WHAT THE EXERCISE ASKS. Starting with the line that has "Kit toma de" and finishing with the line that has "Tapestry Inspired by", set down each line below exactly. Pictures are not copied.

DATA TO EXAMINE.
——————————
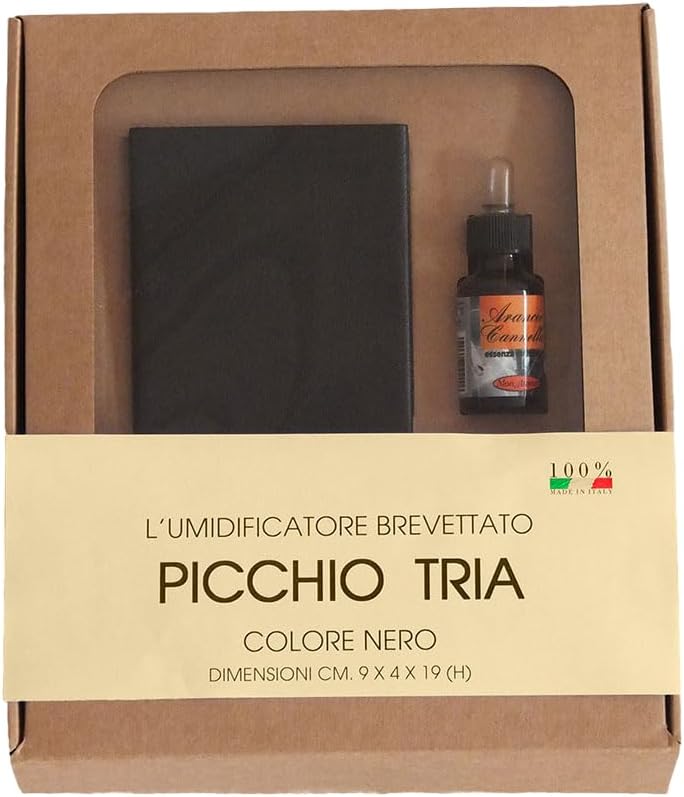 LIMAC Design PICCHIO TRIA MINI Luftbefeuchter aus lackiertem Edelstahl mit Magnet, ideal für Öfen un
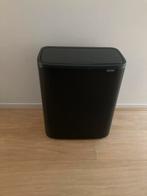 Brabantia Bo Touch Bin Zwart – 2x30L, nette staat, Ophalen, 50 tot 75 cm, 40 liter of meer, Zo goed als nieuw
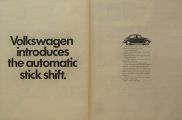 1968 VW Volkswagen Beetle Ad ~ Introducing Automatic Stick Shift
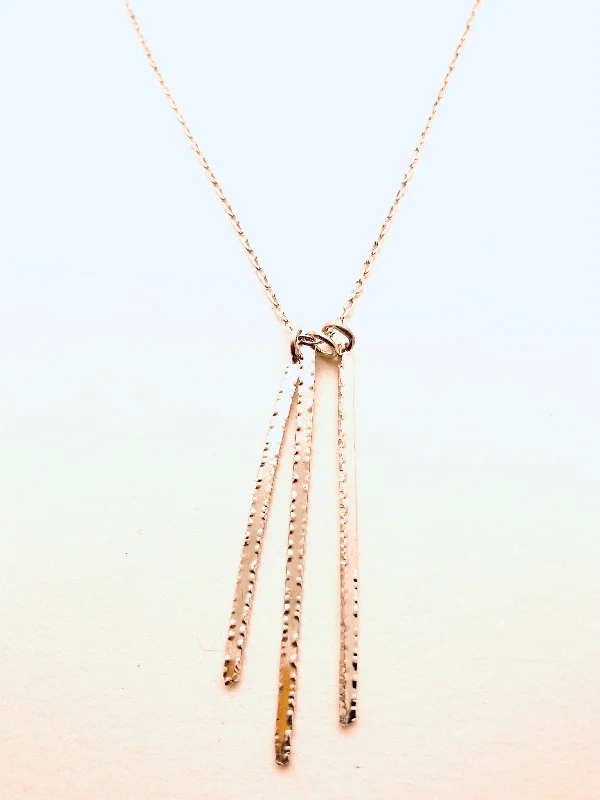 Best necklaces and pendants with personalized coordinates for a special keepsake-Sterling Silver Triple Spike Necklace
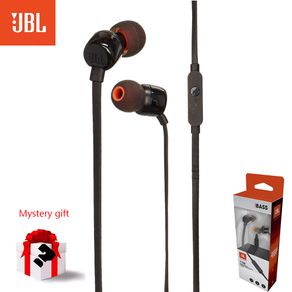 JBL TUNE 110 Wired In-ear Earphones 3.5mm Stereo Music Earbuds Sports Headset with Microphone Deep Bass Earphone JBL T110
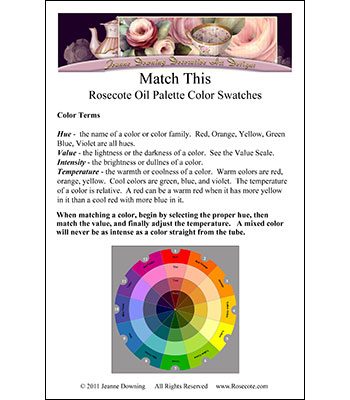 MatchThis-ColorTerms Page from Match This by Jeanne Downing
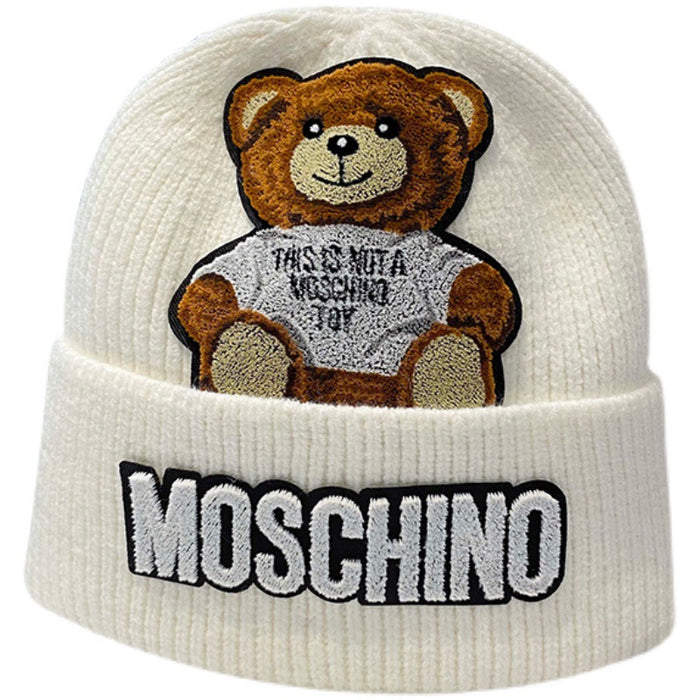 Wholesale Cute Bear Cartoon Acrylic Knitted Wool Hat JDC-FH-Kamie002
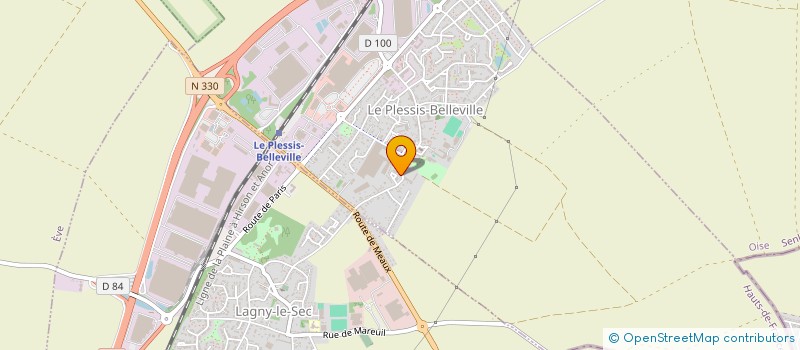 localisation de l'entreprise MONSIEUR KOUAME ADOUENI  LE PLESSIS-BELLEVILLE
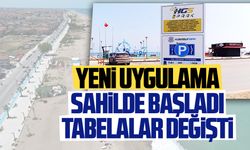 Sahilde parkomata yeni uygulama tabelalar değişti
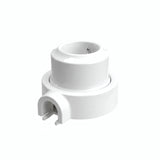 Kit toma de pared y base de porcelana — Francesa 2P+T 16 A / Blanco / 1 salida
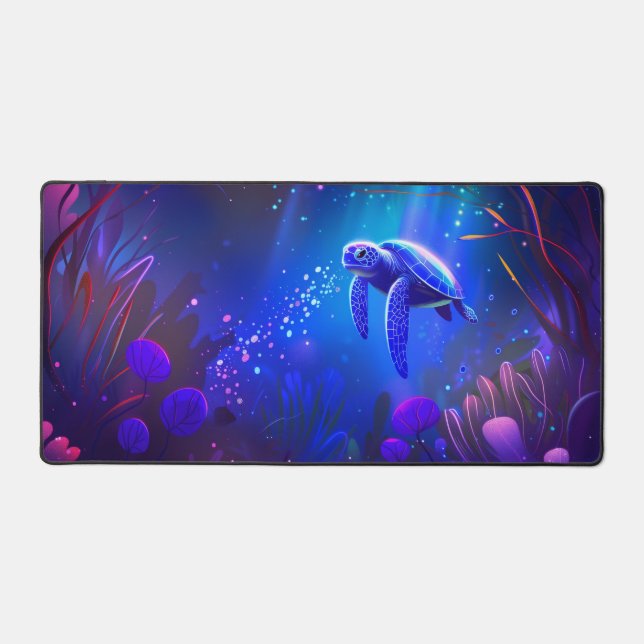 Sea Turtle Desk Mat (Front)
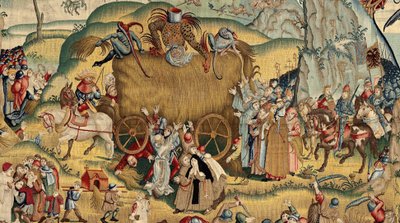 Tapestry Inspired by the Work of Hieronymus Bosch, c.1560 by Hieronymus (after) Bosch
——————————
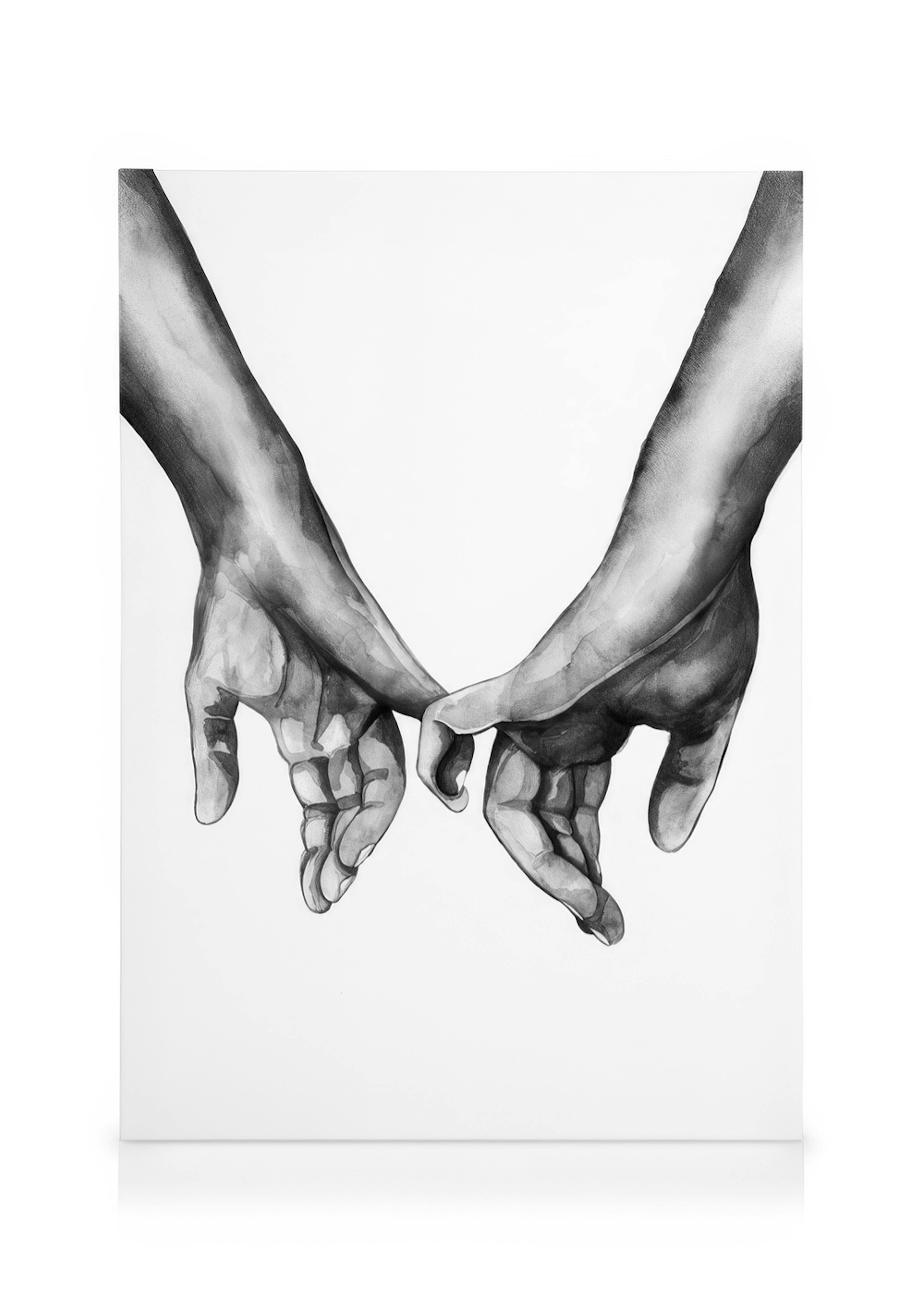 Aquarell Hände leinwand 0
——————————
EXERCISE SOLUTION.
 Kit toma de pared y base de porcelana — Francesa 2P+T 16 A / Blanco / 1 salida
 Sea Turtle Desk Mat (Front)
 Tapestry Inspired by the Work of Hieronymus Bosch, c.1560 by Hieronymus (after) Bosch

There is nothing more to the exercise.